Each record below is to be reproduced without any change.

START DATASET CONTENT

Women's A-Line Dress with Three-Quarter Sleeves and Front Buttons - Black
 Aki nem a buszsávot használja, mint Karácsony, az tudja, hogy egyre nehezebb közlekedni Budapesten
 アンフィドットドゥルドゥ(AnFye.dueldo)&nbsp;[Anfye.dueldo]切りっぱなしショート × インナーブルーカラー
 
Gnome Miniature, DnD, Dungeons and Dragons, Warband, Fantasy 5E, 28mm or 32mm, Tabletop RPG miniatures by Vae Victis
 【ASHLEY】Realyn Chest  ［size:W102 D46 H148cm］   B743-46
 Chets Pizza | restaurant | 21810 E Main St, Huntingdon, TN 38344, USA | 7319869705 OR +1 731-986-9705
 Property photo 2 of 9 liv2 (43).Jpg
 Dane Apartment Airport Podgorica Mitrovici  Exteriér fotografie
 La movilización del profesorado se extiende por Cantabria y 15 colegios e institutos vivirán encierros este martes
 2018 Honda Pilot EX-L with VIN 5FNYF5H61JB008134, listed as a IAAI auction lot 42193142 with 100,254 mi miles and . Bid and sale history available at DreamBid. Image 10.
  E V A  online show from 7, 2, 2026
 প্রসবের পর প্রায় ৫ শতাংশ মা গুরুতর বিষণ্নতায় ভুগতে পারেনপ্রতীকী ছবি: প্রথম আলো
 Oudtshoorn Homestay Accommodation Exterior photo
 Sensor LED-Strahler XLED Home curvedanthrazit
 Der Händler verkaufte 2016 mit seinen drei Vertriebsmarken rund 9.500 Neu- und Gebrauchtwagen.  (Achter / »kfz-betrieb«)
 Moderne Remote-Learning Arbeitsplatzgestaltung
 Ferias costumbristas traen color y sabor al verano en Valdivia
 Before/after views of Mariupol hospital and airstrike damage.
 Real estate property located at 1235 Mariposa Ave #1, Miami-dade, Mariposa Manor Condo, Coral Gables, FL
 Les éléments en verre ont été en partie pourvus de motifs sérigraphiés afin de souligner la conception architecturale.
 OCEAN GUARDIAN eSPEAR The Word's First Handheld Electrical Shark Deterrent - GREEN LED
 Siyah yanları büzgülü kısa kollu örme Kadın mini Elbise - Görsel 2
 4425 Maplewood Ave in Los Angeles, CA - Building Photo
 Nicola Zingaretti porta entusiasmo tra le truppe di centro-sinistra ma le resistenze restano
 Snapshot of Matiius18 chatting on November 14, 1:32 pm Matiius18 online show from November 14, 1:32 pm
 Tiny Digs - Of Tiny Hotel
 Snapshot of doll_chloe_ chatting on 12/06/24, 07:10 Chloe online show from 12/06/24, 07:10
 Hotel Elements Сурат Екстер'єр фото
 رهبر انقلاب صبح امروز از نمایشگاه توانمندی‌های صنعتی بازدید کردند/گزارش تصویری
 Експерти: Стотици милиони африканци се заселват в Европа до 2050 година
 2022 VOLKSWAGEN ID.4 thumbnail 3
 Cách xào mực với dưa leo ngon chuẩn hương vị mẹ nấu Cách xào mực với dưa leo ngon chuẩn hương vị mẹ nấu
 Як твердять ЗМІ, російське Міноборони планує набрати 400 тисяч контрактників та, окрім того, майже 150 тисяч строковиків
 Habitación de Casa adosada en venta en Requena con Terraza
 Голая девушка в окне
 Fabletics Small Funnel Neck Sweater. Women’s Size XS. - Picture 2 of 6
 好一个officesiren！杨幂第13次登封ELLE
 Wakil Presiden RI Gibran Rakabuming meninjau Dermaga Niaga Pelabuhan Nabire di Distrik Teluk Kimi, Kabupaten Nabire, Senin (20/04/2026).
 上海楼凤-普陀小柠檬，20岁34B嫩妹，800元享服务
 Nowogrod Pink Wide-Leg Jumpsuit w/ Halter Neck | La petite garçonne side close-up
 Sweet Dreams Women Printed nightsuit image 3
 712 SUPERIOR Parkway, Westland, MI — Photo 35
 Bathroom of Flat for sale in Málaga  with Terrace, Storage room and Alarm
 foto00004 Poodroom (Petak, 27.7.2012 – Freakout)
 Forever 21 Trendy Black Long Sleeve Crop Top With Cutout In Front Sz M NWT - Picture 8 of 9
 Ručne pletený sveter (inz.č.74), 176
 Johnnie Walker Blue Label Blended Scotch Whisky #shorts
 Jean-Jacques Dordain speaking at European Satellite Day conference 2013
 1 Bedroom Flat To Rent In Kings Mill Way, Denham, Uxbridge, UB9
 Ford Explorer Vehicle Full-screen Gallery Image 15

END DATASET CONTENT

> [ANSWER BOX]:
Women's A-Line Dress with Three-Quarter Sleeves and Front Buttons - Black
 Aki nem a buszsávot használja, mint Karácsony, az tudja, hogy egyre nehezebb közlekedni Budapesten
 アンフィドットドゥルドゥ(AnFye.dueldo)&nbsp;[Anfye.dueldo]切りっぱなしショート × インナーブルーカラー
 
Gnome Miniature, DnD, Dungeons and Dragons, Warband, Fantasy 5E, 28mm or 32mm, Tabletop RPG miniatures by Vae Victis
 【ASHLEY】Realyn Chest  ［size:W102 D46 H148cm］   B743-46
 Chets Pizza | restaurant | 21810 E Main St, Huntingdon, TN 38344, USA | 7319869705 OR +1 731-986-9705
 Property photo 2 of 9 liv2 (43).Jpg
 Dane Apartment Airport Podgorica Mitrovici  Exteriér fotografie
 La movilización del profesorado se extiende por Cantabria y 15 colegios e institutos vivirán encierros este martes
 2018 Honda Pilot EX-L with VIN 5FNYF5H61JB008134, listed as a IAAI auction lot 42193142 with 100,254 mi miles and . Bid and sale history available at DreamBid. Image 10.
  E V A  online show from 7, 2, 2026
 প্রসবের পর প্রায় ৫ শতাংশ মা গুরুতর বিষণ্নতায় ভুগতে পারেনপ্রতীকী ছবি: প্রথম আলো
 Oudtshoorn Homestay Accommodation Exterior photo
 Sensor LED-Strahler XLED Home curvedanthrazit
 Der Händler verkaufte 2016 mit seinen drei Vertriebsmarken rund 9.500 Neu- und Gebrauchtwagen.  (Achter / »kfz-betrieb«)
 Moderne Remote-Learning Arbeitsplatzgestaltung
 Ferias costumbristas traen color y sabor al verano en Valdivia
 Before/after views of Mariupol hospital and airstrike damage.
 Real estate property located at 1235 Mariposa Ave #1, Miami-dade, Mariposa Manor Condo, Coral Gables, FL
 Les éléments en verre ont été en partie pourvus de motifs sérigraphiés afin de souligner la conception architecturale.
 OCEAN GUARDIAN eSPEAR The Word's First Handheld Electrical Shark Deterrent - GREEN LED
 Siyah yanları büzgülü kısa kollu örme Kadın mini Elbise - Görsel 2
 4425 Maplewood Ave in Los Angeles, CA - Building Photo
 Nicola Zingaretti porta entusiasmo tra le truppe di centro-sinistra ma le resistenze restano
 Snapshot of Matiius18 chatting on November 14, 1:32 pm Matiius18 online show from November 14, 1:32 pm
 Tiny Digs - Of Tiny Hotel
 Snapshot of doll_chloe_ chatting on 12/06/24, 07:10 Chloe online show from 12/06/24, 07:10
 Hotel Elements Сурат Екстер'єр фото
 رهبر انقلاب صبح امروز از نمایشگاه توانمندی‌های صنعتی بازدید کردند/گزارش تصویری
 Експерти: Стотици милиони африканци се заселват в Европа до 2050 година
 2022 VOLKSWAGEN ID.4 thumbnail 3
 Cách xào mực với dưa leo ngon chuẩn hương vị mẹ nấu Cách xào mực với dưa leo ngon chuẩn hương vị mẹ nấu
 Як твердять ЗМІ, російське Міноборони планує набрати 400 тисяч контрактників та, окрім того, майже 150 тисяч строковиків
 Habitación de Casa adosada en venta en Requena con Terraza
 Голая девушка в окне
 Fabletics Small Funnel Neck Sweater. Women’s Size XS. - Picture 2 of 6
 好一个officesiren！杨幂第13次登封ELLE
 Wakil Presiden RI Gibran Rakabuming meninjau Dermaga Niaga Pelabuhan Nabire di Distrik Teluk Kimi, Kabupaten Nabire, Senin (20/04/2026).
 上海楼凤-普陀小柠檬，20岁34B嫩妹，800元享服务
 Nowogrod Pink Wide-Leg Jumpsuit w/ Halter Neck | La petite garçonne side close-up
 Sweet Dreams Women Printed nightsuit image 3
 712 SUPERIOR Parkway, Westland, MI — Photo 35
 Bathroom of Flat for sale in Málaga  with Terrace, Storage room and Alarm
 foto00004 Poodroom (Petak, 27.7.2012 – Freakout)
 Forever 21 Trendy Black Long Sleeve Crop Top With Cutout In Front Sz M NWT - Picture 8 of 9
 Ručne pletený sveter (inz.č.74), 176
 Johnnie Walker Blue Label Blended Scotch Whisky #shorts
 Jean-Jacques Dordain speaking at European Satellite Day conference 2013
 1 Bedroom Flat To Rent In Kings Mill Way, Denham, Uxbridge, UB9
 Ford Explorer Vehicle Full-screen Gallery Image 15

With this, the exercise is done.